GAP clothing chain founders Donald and Doris Fisher recently announced plans to build a new museum in San Francisco to house their extensive collection of 20th-century and 21st-century art, rather than donating it to an existing museum. Admirably seeking to enrich the community at a grassroots level, the Fishers said that they will include a gallery for high school students in the museum. The Fishers should be seen as the Barneses of our era. They appear intent on designing a museum, as Barnes did, with cutting-edge artwork of the highest quality and state-of-the-art installations but dedicated to a single collection. The Fishers' museum will not only be a place to preserve artwork that our current culture values but also a cohesive monument to our generation's experience of art.

Overall, the trend of expansion insensitive to local traditions and artistic ideals has been driven by museum boards whose collective eye has typically been on the bottom line and institutional prestige rather than community aesthetics. There is nothing improper about this preoccupation -- boards are obligated to ensure museums' financial integrity -- but it can produce myopia.

Accordingly, it falls to museum directors and curators to check the super-sizing of art museums.
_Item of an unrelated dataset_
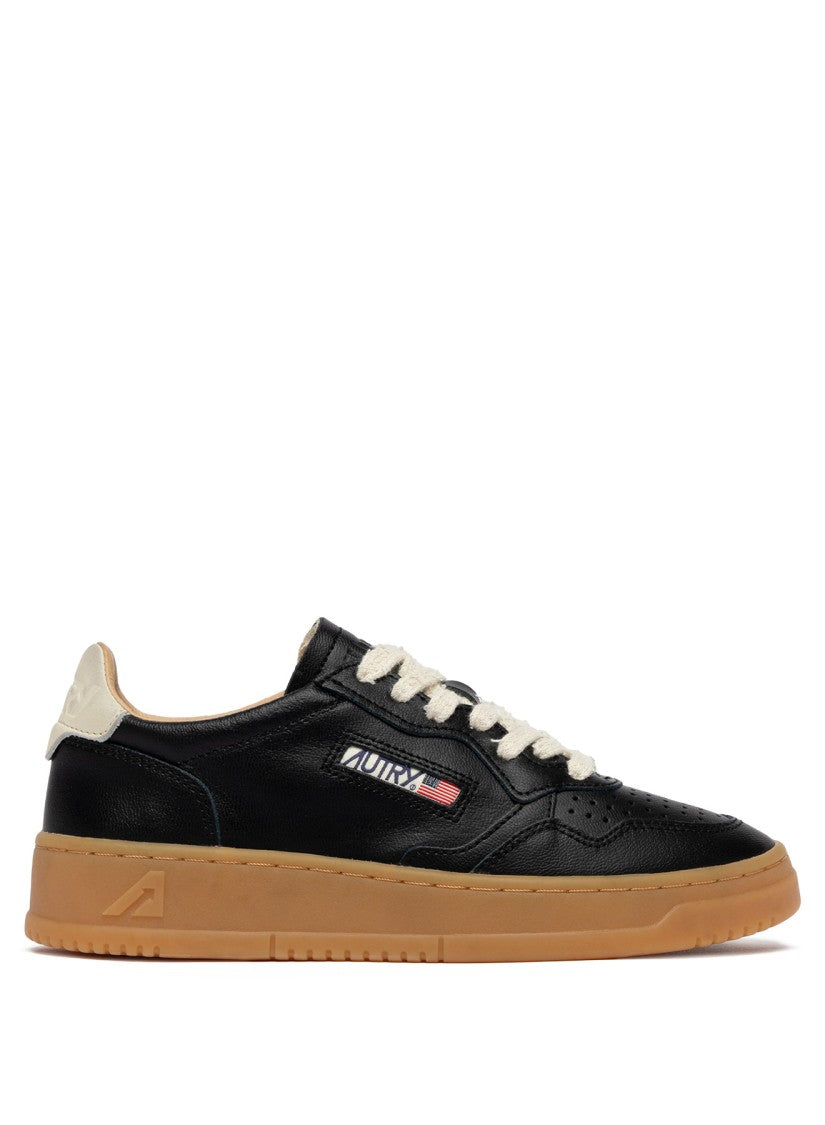 Autry Low-Top Sneakers In Soft Leather And Nubuck Accents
They are of course answerable to their boards, and cannot either rely upon or cede ground to patrons of the arts like the Fishers. But they can foster a healthy, competitive tension with their boards by presenting financially responsible museum alternatives to big new wings and massive cafeterias. One promising option is to preserve old buildings by converting them into new museums. The phenomenally successful Tate Modern (originally a late-Victorian power plant) in London and P.S. 1 (formerly a public school) in Queens are shining examples of this elegant solution at work. P.S. 1, in particular, has a modest scale that gives visitors a sense of control over their surroundings and better enables them to digest the art.

These new museums serve the needs of both expanding capacity through attractive funding opportunities and leaving traditional museums -- respectively, the Tate Britain and MOMA -- intact. The older museums thus do not risk alienating -- or, in the case of MOMA, further alienating -- their traditional visitors or donor base. Thus liberated from the administrative burden of overseeing multiple revenue sources, their curators and directors have more time to study their existing collections in depth, and to reinterpret them in a contemporary light that illuminates aesthetic linkages with newer collections without forsaking the original mission and identity of the old museums.

Willard Holmes, former director of Hartford's Wadsworth Atheneum -- the nation's oldest public art museum -- postponed its proposed renovation to ensure that future plans "expand the cultural reach of the museum" without artlessly "pouring old wine into a new bottle." By contrast, the St. Louis Art Museum chose to expand its existing building by 120,000 square feet (40 percent) rather than convert the old U.S. Custom House and Post Office -- a magnificent French Second Empire building completed in 1884 -- to a satellite museum. The museum's management feared that the latter course would have segmented its audience. Some might have argued that doing just that was precisely the point.